With over 10,000 cases of lumpy skin disease (LSD) infecting cattle being reported in May from different states, the resurgence of this highly infectious ailment bodes ill for the dairy sector, which has emerged as the backbone of India’s rural economy. Last year, the disease had caused over 155,000 deaths and a sharp dip in the milk yield of countless other affected bovines. The consequential squeeze on the supplies of milk and various milk products had forced dairy companies, including the market leaders like Amul and Mother Dairy, to raise milk prices multiple times. This year, the situation might get worse if speedy pre-emptive action fails to come forth. For, while last year, the disease was confined largely to Rajasthan and its adjoining region, this time, cases have already been reported from nearly a dozen states spread across the country — from Uttarakhand in the north to Maharashtra and Karnataka in the south, and Sikkim in the east. Uttarakhand alone has recorded over 6,500 confirmed cases of this virus. With the monsoon season round the corner, the danger of its assuming an epidemic form has heightened because mosquitoes, flies and other biting insects, which spread this vector-borne infection, tend to multiply faster during the hot and humid weather.

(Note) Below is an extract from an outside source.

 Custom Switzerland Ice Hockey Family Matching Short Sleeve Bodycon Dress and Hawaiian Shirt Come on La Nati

The disease, spotted for the first time in India, in Odisha, in September 2019, causes fever and blister-like nodules on the skin of the affected animals. It lessens their capacity to produce milk, and kills some of them, especially those suffering from co-morbidity. The UN Food and Agriculture Organization reckons the mortality rate of this virus at around 10 per cent. Given that a vast majority of small and marginal farmers, and landless people, who constitute over 85 per cent of the rural population in India, rely critically on animal husbandry for their livelihood, the socio-economic fallout of the outbreak of this disease is bound to be horrendous. Overall, the country’s livestock sector has maintained a robust compound annual growth rate of close to 8 per cent in recent years. Its share in agricultural gross value added (GVA) at constant prices was 30.1 per cent in 2020-21. Milk is now virtually the largest food crop, outstripping rice and wheat in terms of both volume and value.

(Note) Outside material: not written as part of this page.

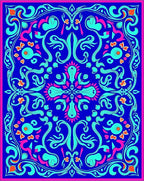 Vibrant Teal Pink Royal Mandala Rug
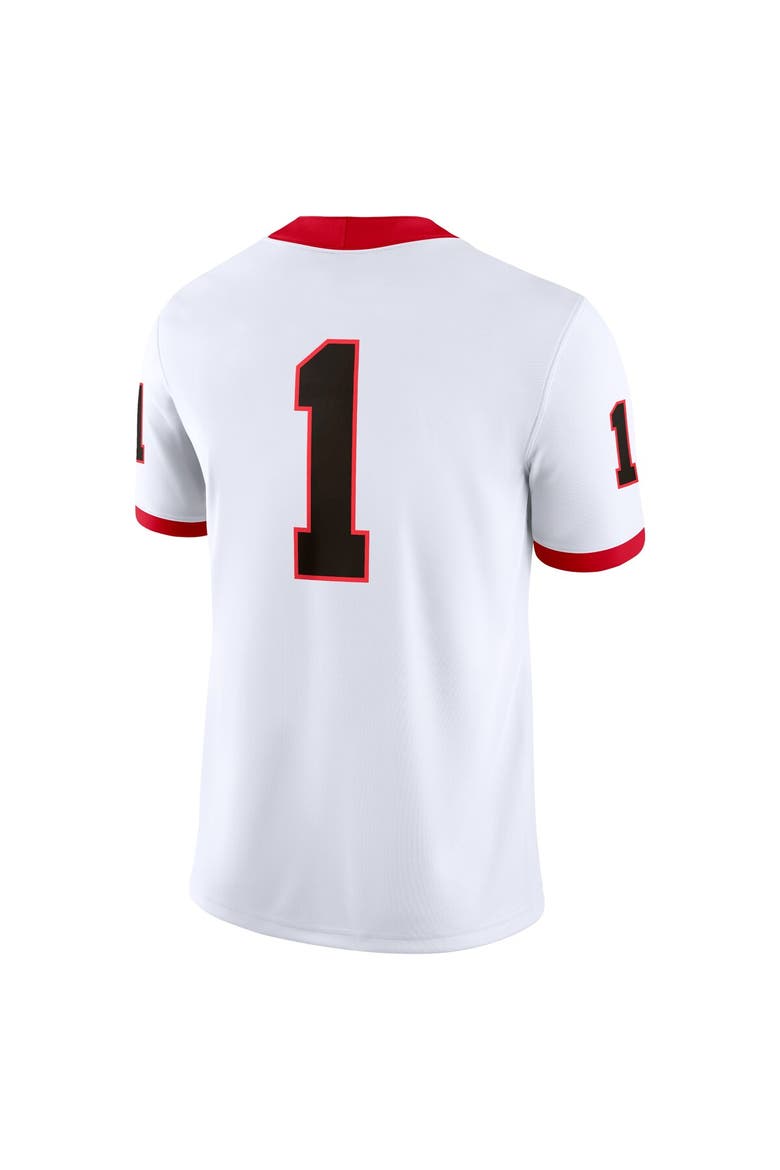 Men's Nike #1 White Georgia Bulldogs Game Jersey, Alternate, color, White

Unfortunately, no proven cure for this virus has yet been found. Veterinarians tend to use antibiotics, which prove mostly ineffective unless chosen meticulously, conforming precisely to the symptoms. Vaccination, practically, is the only way to deal with it. The Indian Council of Agricultural Research (ICAR) had evolved last year a vaccine for lumpy skin disease, named “Lumpy-ProVacInd”, which is similar to the attenuated vaccines used against tuberculosis, measles, mumps, and rubella. However, its commercial production remains mired in regulatory and other hurdles despite at least four companies having acquired the needed technical know-how from the ICAR. Currently, mostly goat- and sheep-pox vaccines are being administered to bigger bovines as well. Their efficacy rate against lumpy skin disease is said to be 60-70 per cent. What is needed, therefore, is to show the same kind of urgency in approval, mass production, and use of the vaccine for containing lumpy skin disease as was displayed in the case of Covid-19. Otherwise, the sustainability of the country’s white revolution would be at stake.